藤波の宮が何故?という疑問は、大紫の御前の配下の藤宮連だった瀧本の回想で解かれていきます。藤波の宮という女性の資質が問われるところではあるけれど、彼女の教育係として瀧本がもっと心を砕き受け入れ愛してあげられていたら悲劇は起こらなかったのかもと思わされます。いや、愛しいと思うからこそ、彼女が十六夜やあせびに懐いて自分を拒絶していると思い込み突き放してしまったのかも。それでも最後は愛する主を抱いて離れようとしなかった、そこに瀧本の本当の想いが現れていました。彼女は黒幕が紫雲の院だと証言し、遂にかの悪女の運も尽き果てます。

奈月彦の死で紫苑の宮の世継ぎ問題は暗礁に乗り上げます。元々女金烏を周囲に認めさせるには長い時間と回しが必要だたから。何だか今の皇室の状況を連想させるんですが

奈月彦の(凡庸な)父が代打で金烏代を務め、日嗣の御子は長束で決まりかと思っていたら、彼が指名したのが、あせびとの間に出来たまだ幼い息子(長束や奈月彦にとっては弟になる存在)でした。確かに『烏に単は似合わない』で彼は十六夜に似た(娘なのだから当然ですが)あせびにご執心だったけど、まさかこんな形で再登場するとは!

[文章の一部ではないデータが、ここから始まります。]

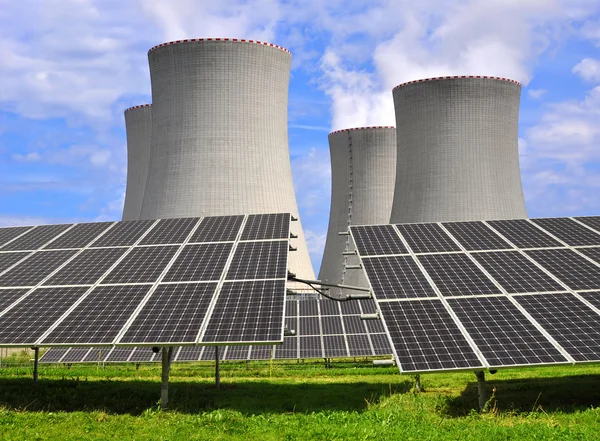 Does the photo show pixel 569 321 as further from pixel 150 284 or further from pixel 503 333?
pixel 150 284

終わってみれば、奈月彦や雪哉が気付かなかったその裏で、貴族たちの政権闘争が着々をなされていたわけです。

あせびを先帝に近づけ、新たな金烏となる子をもうける・・・大紫の御前の「息子を金烏に」という執着を隠れ蓑にした東家と南家の陰謀だったという何ともドロドロした、まさにお貴族様が考えそうな筋書きです。

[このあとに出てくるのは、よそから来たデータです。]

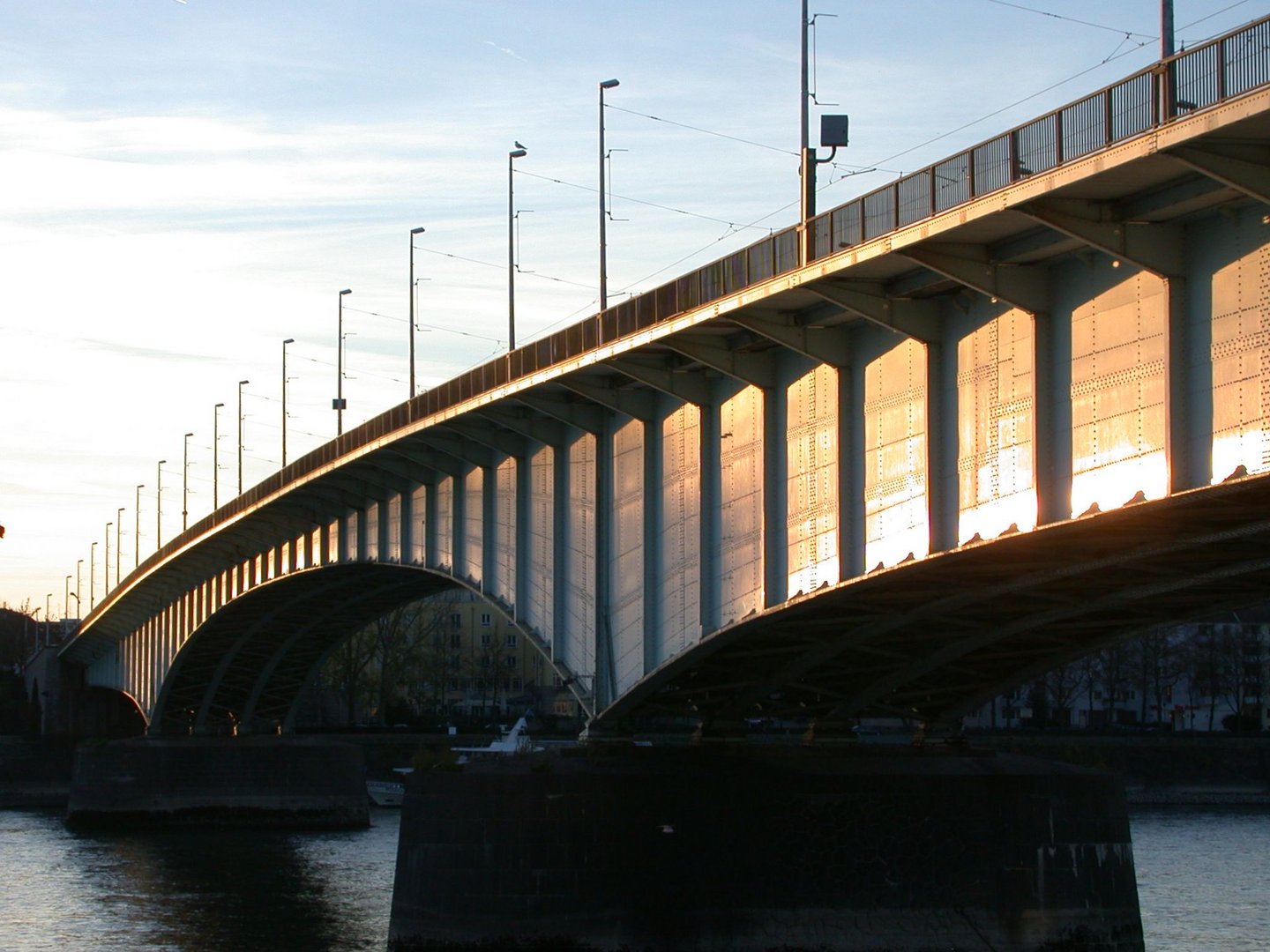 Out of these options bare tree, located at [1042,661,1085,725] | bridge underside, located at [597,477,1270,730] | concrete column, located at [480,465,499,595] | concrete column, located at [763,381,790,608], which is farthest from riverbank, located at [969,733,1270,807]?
concrete column, located at [763,381,790,608]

そういえば、大紫の御前は実弟の融を愛していて、彼女が初めの頃藤波の宮に優しくしていたのは、彼女が奈月彦を想う気持ちに気付いていたからなんですね。叶わぬ想いを持つ者同士だったのですが、藤波の宮が他の男に心を移しそうになった途端、彼女を突き放し、果ては利用しようとしたのです。ところが、その大紫の御前自身が、融からは嫌われ見離されていたのね それに気づいた時、彼女の心もまた折れたのです。

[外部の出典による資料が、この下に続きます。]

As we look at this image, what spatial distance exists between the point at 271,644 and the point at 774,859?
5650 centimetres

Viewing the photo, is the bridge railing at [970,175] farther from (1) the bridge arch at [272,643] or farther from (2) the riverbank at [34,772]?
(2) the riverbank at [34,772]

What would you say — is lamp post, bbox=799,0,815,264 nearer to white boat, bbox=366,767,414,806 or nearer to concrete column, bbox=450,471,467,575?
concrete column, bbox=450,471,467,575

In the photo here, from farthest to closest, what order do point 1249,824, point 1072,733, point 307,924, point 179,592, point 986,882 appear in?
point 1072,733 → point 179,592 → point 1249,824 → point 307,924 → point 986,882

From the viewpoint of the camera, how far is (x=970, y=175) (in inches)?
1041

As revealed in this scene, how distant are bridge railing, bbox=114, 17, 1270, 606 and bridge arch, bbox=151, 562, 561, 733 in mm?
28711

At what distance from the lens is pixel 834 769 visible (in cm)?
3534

雪哉は、奈月彦と頑張ってきた政策が失敗したことを悟ります。4大貴族たちは、『弥栄の烏』で猿対策のために犠牲を払ったことや、その後のやり方に不満を募らせていたのです。「山内の危機を共に乗り越えよう」と言われても、莫大な資金や人材を提供することを強いられて先が見えなければ、彼らが不満を持つのも当然ですね。 遅まきながら事態を把握した雪哉は、西家と手を結んで戦をしようと逸る北家当主を言葉巧みに抑えます。

奈月彦の遺言の内容も雪哉の心に変化を生じさせたのは間違いありません。自分ではなく皇后(浜木綿)の方を信じていた主の本心を知り、また浜木綿からも雪哉が見ていたのは金烏としての奈月彦だと言われ、その瞬間、彼の心が決まったのかな。

浜木綿と紫苑の宮は逃亡し行方知らずに。また『黄金の烏』で出てきた小梅が東家の下女として再登場しますが、彼女も今後のキーポイントになるのかな?真赭の薄は登場しないのですが、彼女と元山内衆の澄尾との間に生まれた双子の葵と茜がいて、茜の方は紫苑の宮の遊び相手として出てきました。しかしラストで、成長した葵が雪哉=博陸侯の前に現れるのです。しかしその容貌は亡き奈月彦に瓜二つ・・・果たして彼女の正体は?続編が楽しみです。